Turn Me On, Dead Man

Bite the Wax Tadpole in the ’80s, making hypothermia fashionable
Bite the Wax Tadpole in the ’80s, making hypothermia fashionable. Left: Darren Smith. Right: Mark Dery, sporting what some claim is a mullet, but which he will insist, to his dying breath, is not. (Photo: Paul Robicheau.)

Formed by Mark Dery and Darren Smith in 1985, Bite the Wax Tadpole sprang from the homebrew cassette revolution and Manhattan’s downtown music scene. Although BTWT played East Village art-club gigs (with Sophie B. Hawkins on drums), the group mostly toured Smith’s Jersey City bedroom, recording songs on a four-track tape deck.

This was music made by men in small rooms, with all the twitchy-eyed intensity that implies. Smith, a virtuoso who had studied South Indian vocal music, Balinese gamelan, and electric banjo (with Peter Tork of The Monkees!), proved an ideal foil for Dery, a chronic word-aholic whose spoken-word performances were somewhere between William S. Burroughs’s deadpan monologues and Jack Nicholson’s scenery-chewing rants in The Shining. The landmarks on Smith’s mental map ranged from Bartok to Bollywood, Ice Cube to Meredith Monk; Dery’s influences were the Killer B’s—Burroughs, Bowles, and Ballard.

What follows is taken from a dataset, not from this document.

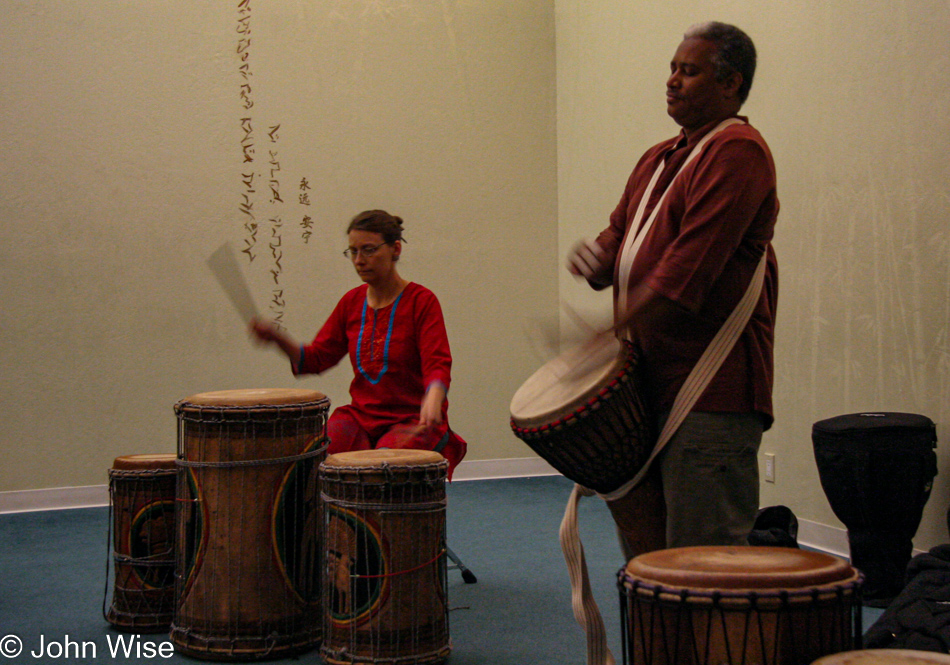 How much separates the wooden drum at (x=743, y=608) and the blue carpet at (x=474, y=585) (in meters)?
1.11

Together, the pair made music full of dark humor and quantum weirdness, with a dream logic all its own.

The group’s indie-label releases on the cassette-only Sound of Pig label garnered college-radio airplay and critical accolades. Darren has since gone on to pursue a career in composing for the stage and screen. Repo! The Genetic Opera!, a Blade Runner-meets-Rocky Horror rock musical directed by Darren Lynn Bousman and based on a play written and composed by Smith and Terrance Zdunich, is scheduled for release on April 25, 2008.

Bite the Wax Tadpole’s new CD, Turn Me On, Dead Man—the title is taken from the backwards phrase in The Beatles’ “Revolution 9”—anthologizes the best of the band’s early years, from 1985-1992. Recorded by hip-hop/new music engineer Yoram Vazan and post-produced by downtown NYC composer/guitarist Elliott Sharp, the 17-song CD features cameos by new music/alt.rock scenemakers such as Samm Bennett and Yuval Gabay.

(Out now! Available via this site’s ORDER A CD page.)

1 Response to “Turn Me On, Dead Man”

  1. 1 David Maloney June 11, 2019 at 3:10 pm

    Thanks for posting. I have a cassette titled “Satan, Oscillate My Metallic Sonatas” with different tracks. I’ll post on YouTube when I can.